- Task goal
Quote exactly, and only, the lines from the one containing "2-к. квартира, 30 м², 2/2 эт." through the end of the material below. Skip pictures.

━━━━━ Material shown

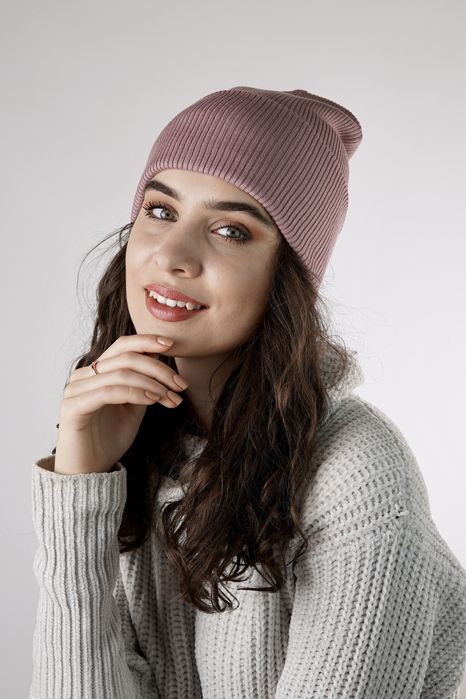 Мʼяка однотонна шапка з відворотом в рубчик, демісезон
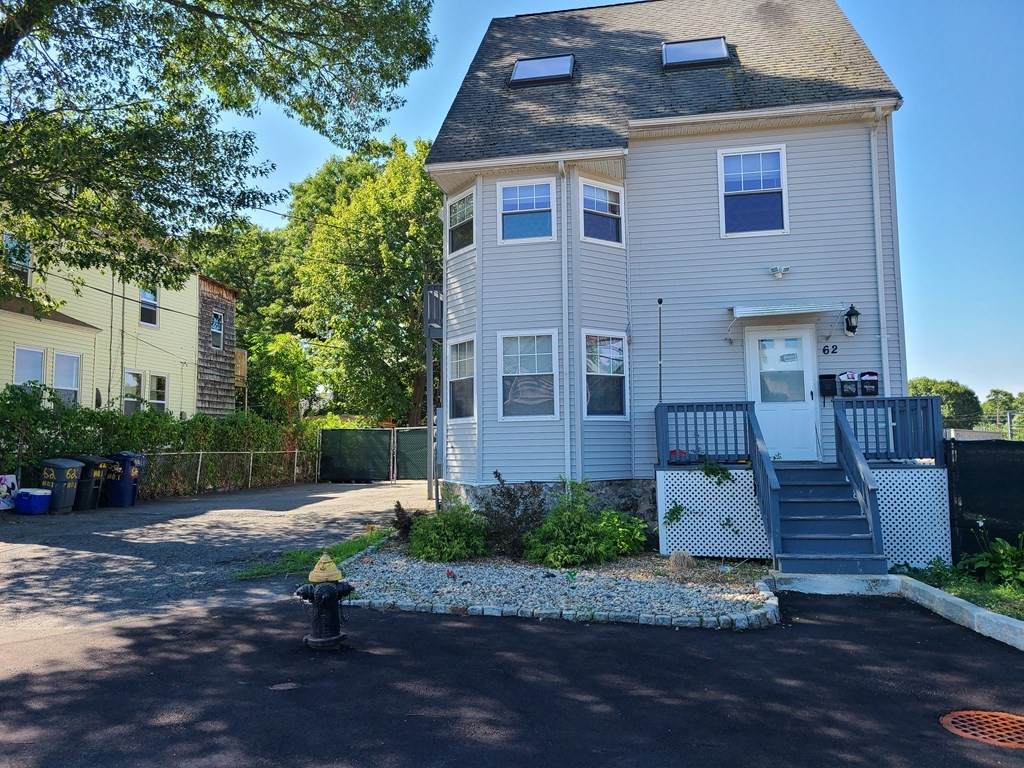 62 Greenwood Ave - Photo 1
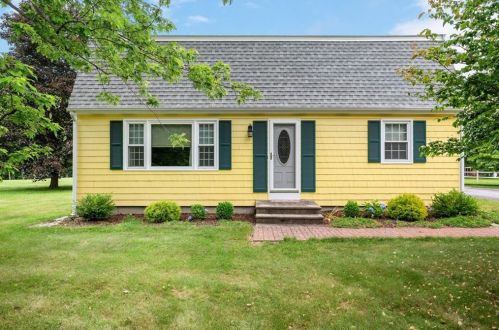 584 Tarkiln Rd, Burrillville, RI 02830-1826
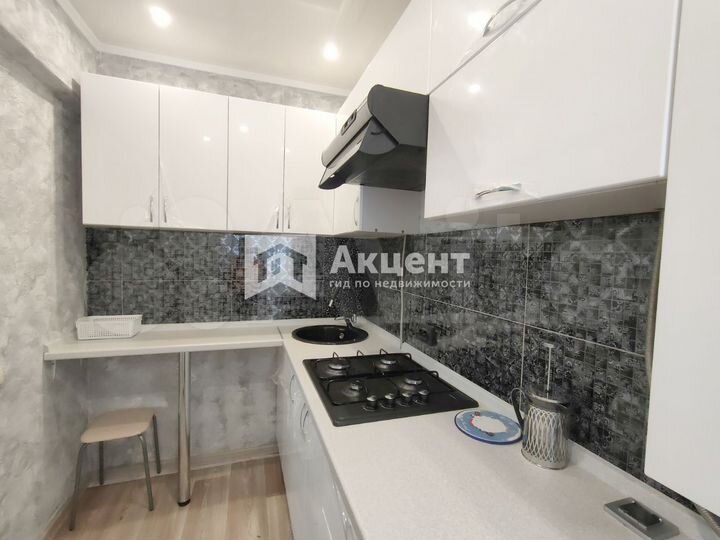 2-к. квартира, 30 м², 2/2 эт.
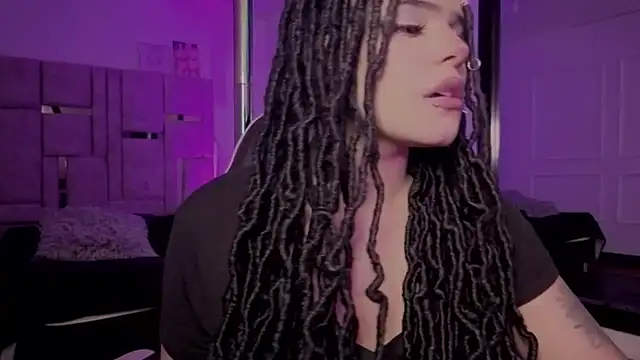 Snapshot of BonnieAnderson_ chatting on 07-17-26, 09:19 BonnieAnderson online show from 07-17-26, 09:19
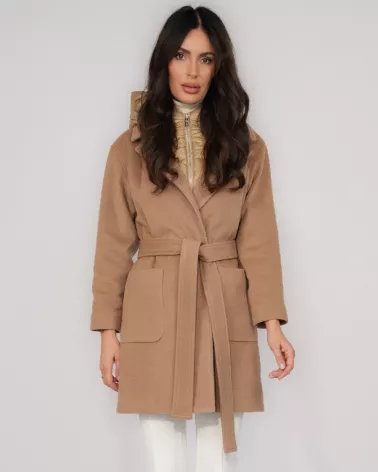 Camel wool and cashmere coat with detachable lining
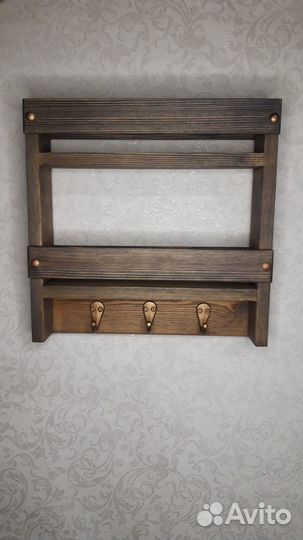 Ключница настенная из дерева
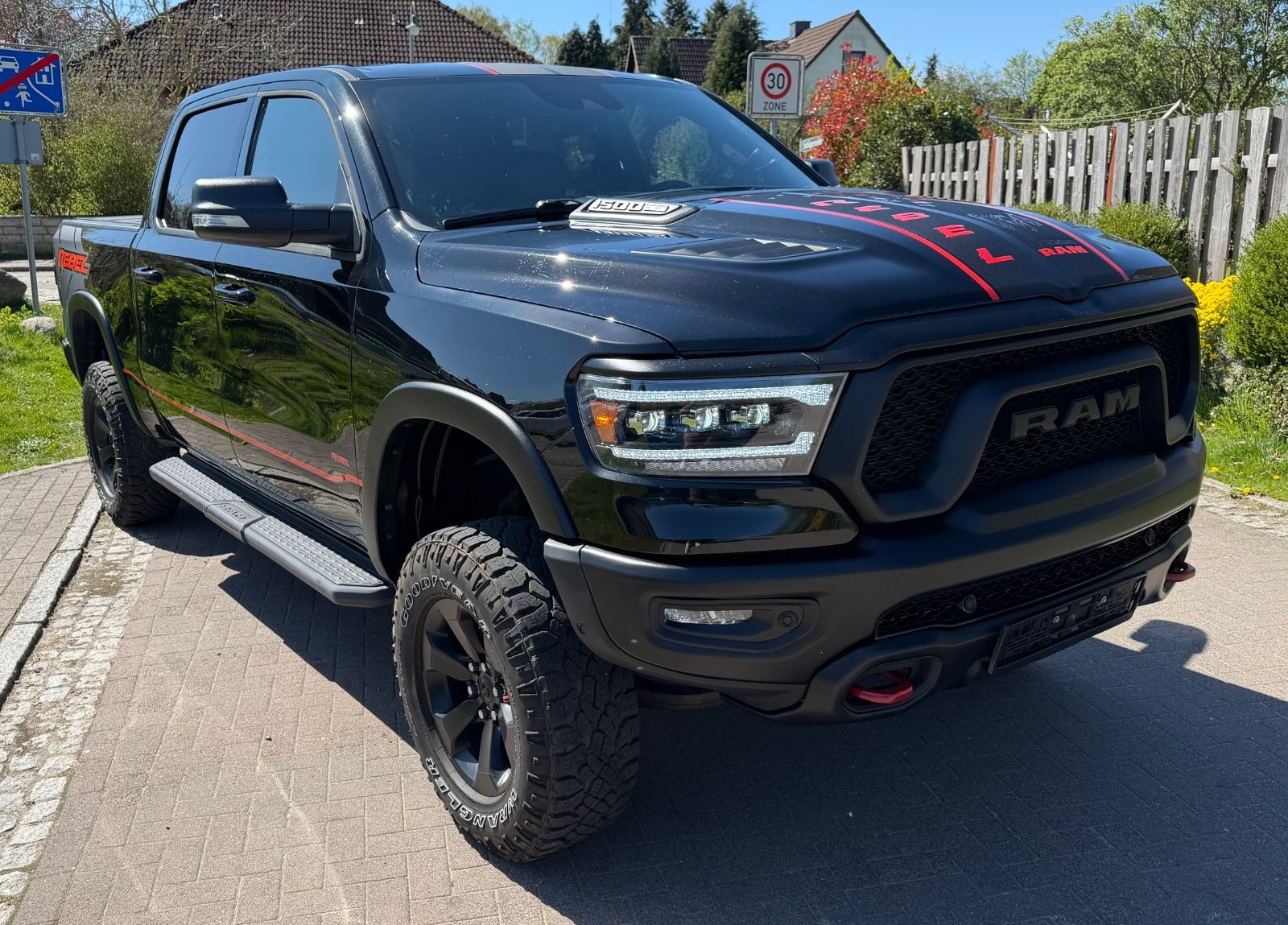 Dodge RAM - 1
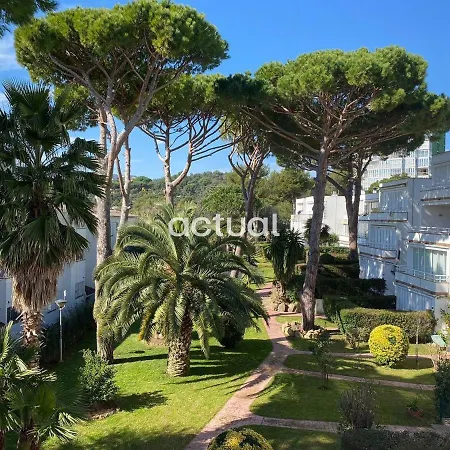 Politur J-30 * Castell-Platja d'Aro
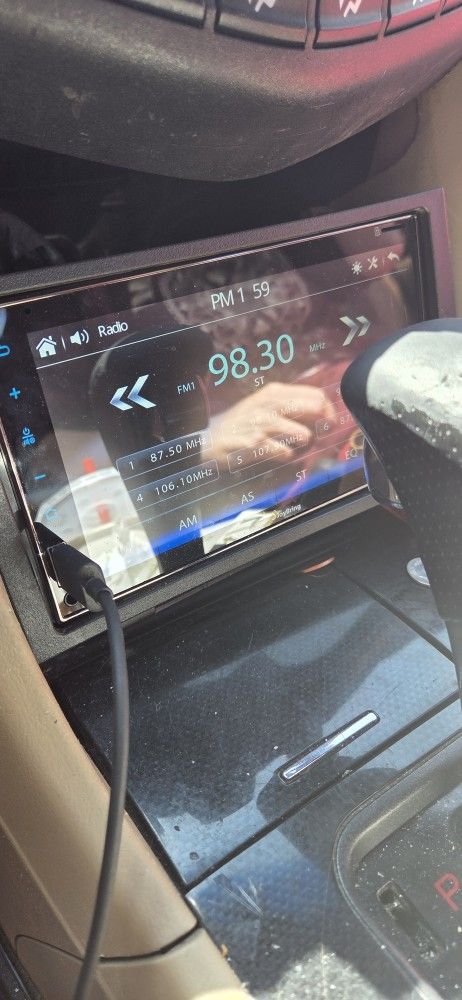 Full Touch Radio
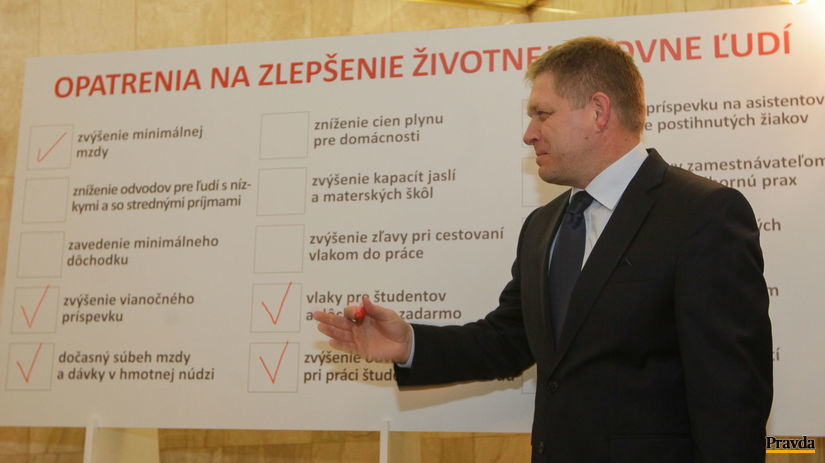 Premiér Robert Fico na tlačovej konferencii.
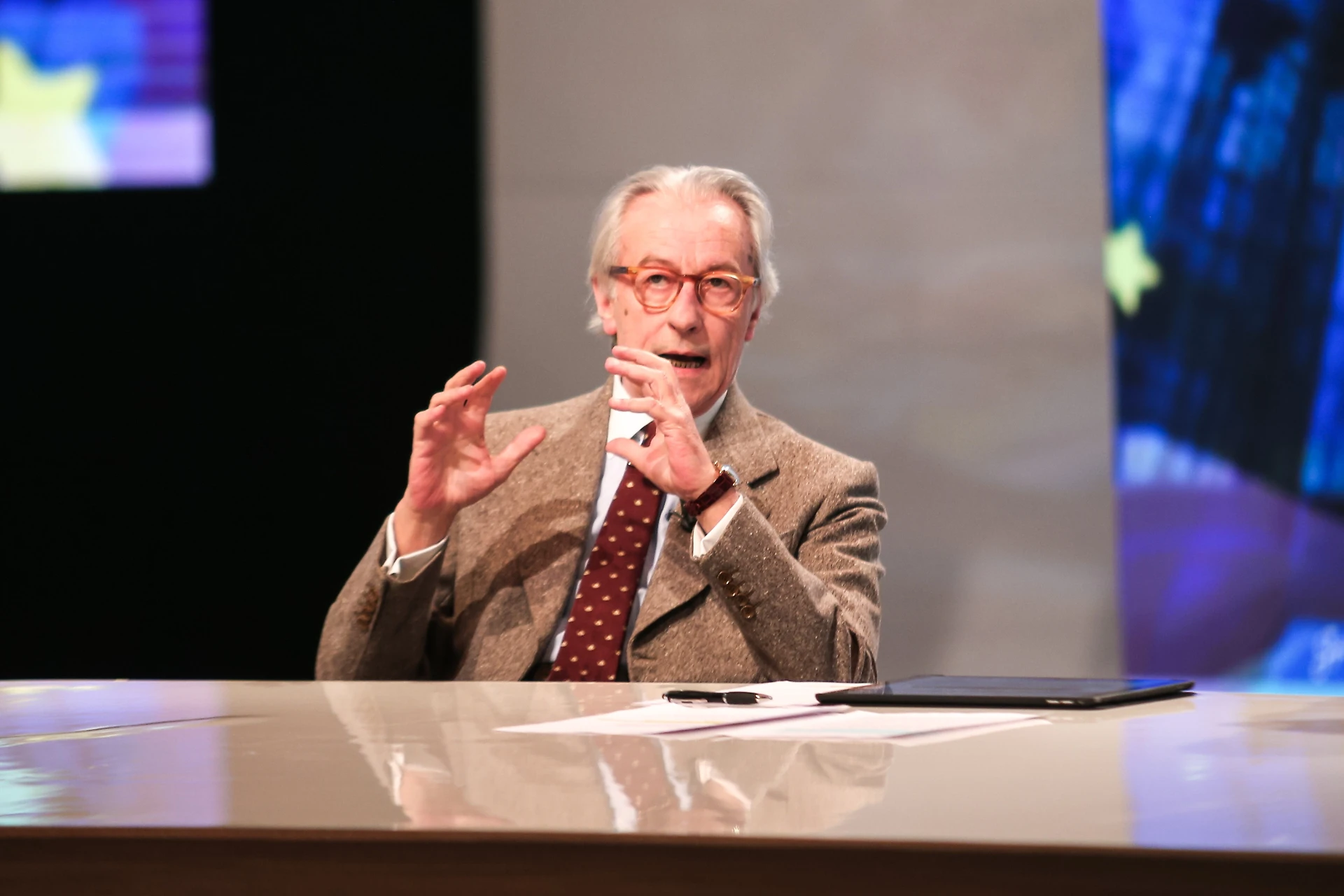 Vittorio Feltri: "Ecco perché Sergio Mattarella può ignorare il popolo"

━━━━━━━━━━

- Response below
 2-к. квартира, 30 м², 2/2 эт.
 Snapshot of BonnieAnderson_ chatting on 07-17-26, 09:19 BonnieAnderson online show from 07-17-26, 09:19
 Camel wool and cashmere coat with detachable lining
 Ключница настенная из дерева
 Dodge RAM - 1
 Politur J-30 * Castell-Platja d'Aro
 Full Touch Radio
 Premiér Robert Fico na tlačovej konferencii.
 Vittorio Feltri: "Ecco perché Sergio Mattarella può ignorare il popolo"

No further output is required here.